**Problem details**
Within the material below, locate the line with "甘肃一般怎样识别罚金罚款 甘肃违停扣多少分罚款多少" and the line with "Shop Thom Browne", then return those two lines and all lines between them, exactly as written.

**Exercise input**
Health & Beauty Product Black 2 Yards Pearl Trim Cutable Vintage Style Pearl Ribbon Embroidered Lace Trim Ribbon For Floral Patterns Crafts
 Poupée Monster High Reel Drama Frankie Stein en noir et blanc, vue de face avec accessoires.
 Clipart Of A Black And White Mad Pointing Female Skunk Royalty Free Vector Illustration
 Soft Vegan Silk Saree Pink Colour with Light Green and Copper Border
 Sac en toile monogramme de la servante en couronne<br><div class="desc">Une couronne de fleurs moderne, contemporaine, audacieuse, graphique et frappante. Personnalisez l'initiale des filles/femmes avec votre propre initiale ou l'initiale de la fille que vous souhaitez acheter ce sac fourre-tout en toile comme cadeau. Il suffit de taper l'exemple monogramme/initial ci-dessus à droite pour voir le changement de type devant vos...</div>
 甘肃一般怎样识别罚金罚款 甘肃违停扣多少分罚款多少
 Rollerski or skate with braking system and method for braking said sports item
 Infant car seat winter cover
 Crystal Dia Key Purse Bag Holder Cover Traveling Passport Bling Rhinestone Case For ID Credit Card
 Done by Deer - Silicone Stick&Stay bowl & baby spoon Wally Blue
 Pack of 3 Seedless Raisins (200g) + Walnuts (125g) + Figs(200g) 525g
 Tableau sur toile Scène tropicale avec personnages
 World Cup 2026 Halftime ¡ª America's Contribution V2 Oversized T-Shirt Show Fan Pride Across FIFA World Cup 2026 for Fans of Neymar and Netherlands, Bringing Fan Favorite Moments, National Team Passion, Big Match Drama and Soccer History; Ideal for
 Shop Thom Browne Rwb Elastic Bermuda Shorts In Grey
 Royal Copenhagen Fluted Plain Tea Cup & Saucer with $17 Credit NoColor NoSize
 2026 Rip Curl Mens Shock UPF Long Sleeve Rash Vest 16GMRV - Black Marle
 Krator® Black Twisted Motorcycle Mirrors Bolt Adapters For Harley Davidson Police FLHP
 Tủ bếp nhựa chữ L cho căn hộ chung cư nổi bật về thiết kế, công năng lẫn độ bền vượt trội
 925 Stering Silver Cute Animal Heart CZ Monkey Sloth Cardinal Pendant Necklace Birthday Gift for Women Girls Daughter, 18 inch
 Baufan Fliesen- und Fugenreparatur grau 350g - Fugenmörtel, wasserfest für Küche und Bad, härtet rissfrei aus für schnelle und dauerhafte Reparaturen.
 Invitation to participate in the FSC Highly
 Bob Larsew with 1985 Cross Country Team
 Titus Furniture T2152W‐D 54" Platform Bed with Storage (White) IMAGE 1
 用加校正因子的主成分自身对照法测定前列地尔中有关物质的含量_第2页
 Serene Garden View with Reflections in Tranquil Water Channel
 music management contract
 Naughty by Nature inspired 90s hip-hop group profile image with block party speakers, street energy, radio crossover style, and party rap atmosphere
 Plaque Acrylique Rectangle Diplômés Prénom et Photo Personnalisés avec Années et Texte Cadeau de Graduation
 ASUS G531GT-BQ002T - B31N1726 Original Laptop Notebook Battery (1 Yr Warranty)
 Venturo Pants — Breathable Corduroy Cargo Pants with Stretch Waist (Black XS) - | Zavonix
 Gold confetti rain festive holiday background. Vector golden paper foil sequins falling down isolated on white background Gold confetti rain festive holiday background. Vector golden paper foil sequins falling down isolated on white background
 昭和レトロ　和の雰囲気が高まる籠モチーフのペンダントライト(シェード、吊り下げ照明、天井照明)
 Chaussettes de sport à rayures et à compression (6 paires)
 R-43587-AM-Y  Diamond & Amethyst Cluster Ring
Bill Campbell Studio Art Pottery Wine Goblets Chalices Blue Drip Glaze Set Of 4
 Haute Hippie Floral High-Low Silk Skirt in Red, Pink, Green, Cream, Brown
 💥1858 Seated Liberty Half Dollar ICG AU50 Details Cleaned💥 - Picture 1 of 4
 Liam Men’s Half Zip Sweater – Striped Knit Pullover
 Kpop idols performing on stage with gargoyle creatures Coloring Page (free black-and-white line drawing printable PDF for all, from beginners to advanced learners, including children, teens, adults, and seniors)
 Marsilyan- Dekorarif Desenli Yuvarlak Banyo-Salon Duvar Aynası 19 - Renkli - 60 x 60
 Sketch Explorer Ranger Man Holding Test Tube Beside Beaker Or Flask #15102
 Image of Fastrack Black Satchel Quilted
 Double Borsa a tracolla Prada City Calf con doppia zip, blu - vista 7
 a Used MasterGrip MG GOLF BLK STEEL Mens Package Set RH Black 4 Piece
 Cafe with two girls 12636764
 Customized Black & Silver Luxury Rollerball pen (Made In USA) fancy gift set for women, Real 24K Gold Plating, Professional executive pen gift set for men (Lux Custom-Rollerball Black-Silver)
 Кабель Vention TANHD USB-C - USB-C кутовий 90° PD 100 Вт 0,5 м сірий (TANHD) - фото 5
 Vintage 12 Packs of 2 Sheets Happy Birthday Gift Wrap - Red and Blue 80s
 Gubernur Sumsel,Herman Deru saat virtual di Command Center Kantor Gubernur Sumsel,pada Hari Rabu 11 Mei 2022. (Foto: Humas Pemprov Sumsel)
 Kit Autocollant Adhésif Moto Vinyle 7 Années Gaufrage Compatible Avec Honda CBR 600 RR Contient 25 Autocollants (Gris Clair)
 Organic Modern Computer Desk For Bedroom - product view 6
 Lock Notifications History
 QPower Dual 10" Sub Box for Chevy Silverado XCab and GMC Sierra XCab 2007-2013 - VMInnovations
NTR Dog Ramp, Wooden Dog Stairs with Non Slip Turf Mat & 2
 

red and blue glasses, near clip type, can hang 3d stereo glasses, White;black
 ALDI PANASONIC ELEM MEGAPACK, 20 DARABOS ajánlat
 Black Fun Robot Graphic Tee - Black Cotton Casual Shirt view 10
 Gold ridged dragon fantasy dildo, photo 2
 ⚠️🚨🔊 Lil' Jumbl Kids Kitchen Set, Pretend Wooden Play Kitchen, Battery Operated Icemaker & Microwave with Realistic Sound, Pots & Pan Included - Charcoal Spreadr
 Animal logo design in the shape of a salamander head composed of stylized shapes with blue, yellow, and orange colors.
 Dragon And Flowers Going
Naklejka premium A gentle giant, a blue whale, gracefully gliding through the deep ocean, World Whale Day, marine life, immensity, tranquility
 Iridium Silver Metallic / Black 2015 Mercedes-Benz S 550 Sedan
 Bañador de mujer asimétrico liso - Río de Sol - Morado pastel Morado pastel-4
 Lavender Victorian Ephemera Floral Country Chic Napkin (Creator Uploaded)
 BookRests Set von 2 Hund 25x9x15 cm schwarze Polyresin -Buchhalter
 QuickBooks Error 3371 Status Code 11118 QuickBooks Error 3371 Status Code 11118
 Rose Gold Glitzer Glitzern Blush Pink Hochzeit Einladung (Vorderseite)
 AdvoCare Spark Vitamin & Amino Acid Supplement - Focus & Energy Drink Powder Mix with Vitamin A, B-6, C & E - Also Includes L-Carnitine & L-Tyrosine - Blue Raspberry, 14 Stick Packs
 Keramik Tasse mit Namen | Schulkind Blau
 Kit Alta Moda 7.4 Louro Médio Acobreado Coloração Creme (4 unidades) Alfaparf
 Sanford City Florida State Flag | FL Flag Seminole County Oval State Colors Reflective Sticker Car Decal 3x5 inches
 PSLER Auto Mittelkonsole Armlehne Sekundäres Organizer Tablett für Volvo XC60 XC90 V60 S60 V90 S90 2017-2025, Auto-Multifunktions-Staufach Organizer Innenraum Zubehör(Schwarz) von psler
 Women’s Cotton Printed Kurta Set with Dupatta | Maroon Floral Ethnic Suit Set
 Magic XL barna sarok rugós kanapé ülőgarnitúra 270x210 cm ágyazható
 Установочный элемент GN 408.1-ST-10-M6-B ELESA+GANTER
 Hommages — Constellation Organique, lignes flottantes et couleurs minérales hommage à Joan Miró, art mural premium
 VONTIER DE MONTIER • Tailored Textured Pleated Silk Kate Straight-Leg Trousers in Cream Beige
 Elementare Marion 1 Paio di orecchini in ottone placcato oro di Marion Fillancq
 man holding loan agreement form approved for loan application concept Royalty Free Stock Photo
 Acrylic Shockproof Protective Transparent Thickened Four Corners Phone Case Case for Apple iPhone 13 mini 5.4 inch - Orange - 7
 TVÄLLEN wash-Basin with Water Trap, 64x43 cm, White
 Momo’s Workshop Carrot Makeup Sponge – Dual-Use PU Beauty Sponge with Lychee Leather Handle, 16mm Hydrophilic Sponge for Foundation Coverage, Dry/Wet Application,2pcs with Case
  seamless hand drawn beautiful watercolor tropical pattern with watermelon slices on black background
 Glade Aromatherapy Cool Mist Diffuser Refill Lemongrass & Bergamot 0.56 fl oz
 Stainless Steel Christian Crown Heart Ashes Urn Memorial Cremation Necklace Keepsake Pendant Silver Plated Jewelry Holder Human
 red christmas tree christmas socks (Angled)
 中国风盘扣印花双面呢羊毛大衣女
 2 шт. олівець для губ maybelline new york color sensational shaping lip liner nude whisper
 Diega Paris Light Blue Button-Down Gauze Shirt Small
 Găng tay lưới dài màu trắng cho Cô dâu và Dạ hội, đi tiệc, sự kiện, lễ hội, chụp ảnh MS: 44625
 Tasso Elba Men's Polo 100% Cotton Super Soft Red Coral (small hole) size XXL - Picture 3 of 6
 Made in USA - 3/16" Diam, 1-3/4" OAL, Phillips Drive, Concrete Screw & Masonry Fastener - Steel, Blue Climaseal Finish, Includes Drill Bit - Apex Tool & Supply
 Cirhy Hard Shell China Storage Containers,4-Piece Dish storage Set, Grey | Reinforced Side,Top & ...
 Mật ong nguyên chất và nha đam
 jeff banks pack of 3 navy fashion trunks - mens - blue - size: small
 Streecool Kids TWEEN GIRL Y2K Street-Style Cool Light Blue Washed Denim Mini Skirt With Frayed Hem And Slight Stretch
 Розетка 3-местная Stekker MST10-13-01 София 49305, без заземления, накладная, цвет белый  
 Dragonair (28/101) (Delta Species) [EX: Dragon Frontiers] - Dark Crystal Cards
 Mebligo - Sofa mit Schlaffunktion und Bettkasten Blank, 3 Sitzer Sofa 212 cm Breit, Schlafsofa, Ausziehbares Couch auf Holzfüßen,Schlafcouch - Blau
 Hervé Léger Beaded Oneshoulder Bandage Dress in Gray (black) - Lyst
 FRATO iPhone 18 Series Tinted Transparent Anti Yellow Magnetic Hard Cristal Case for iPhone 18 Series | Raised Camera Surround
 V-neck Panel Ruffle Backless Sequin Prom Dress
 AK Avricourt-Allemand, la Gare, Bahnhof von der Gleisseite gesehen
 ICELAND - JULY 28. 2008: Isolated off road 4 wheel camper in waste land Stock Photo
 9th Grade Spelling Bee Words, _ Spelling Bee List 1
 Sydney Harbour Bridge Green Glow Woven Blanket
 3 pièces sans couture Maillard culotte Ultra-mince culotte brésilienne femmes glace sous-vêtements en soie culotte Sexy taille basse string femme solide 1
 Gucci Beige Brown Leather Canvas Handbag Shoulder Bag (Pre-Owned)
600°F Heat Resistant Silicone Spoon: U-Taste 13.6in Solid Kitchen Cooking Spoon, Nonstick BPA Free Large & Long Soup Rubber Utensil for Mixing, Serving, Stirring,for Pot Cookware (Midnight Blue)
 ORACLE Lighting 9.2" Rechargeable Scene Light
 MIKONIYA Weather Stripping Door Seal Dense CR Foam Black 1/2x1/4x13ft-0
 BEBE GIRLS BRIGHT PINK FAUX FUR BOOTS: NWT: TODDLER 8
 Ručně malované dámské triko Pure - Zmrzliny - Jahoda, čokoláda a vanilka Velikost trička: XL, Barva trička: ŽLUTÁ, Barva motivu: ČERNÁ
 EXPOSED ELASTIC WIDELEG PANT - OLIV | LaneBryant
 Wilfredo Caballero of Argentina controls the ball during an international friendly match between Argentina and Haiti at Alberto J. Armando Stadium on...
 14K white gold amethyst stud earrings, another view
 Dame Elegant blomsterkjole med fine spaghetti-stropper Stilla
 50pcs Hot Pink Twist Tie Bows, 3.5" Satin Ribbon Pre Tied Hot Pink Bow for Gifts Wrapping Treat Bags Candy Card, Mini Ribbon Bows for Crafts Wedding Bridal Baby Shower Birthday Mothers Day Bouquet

**Answer to this task**
 甘肃一般怎样识别罚金罚款 甘肃违停扣多少分罚款多少
 Rollerski or skate with braking system and method for braking said sports item
 Infant car seat winter cover
 Crystal Dia Key Purse Bag Holder Cover Traveling Passport Bling Rhinestone Case For ID Credit Card
 Done by Deer - Silicone Stick&Stay bowl & baby spoon Wally Blue
 Pack of 3 Seedless Raisins (200g) + Walnuts (125g) + Figs(200g) 525g
 Tableau sur toile Scène tropicale avec personnages
 World Cup 2026 Halftime ¡ª America's Contribution V2 Oversized T-Shirt Show Fan Pride Across FIFA World Cup 2026 for Fans of Neymar and Netherlands, Bringing Fan Favorite Moments, National Team Passion, Big Match Drama and Soccer History; Ideal for
 Shop Thom Browne Rwb Elastic Bermuda Shorts In Grey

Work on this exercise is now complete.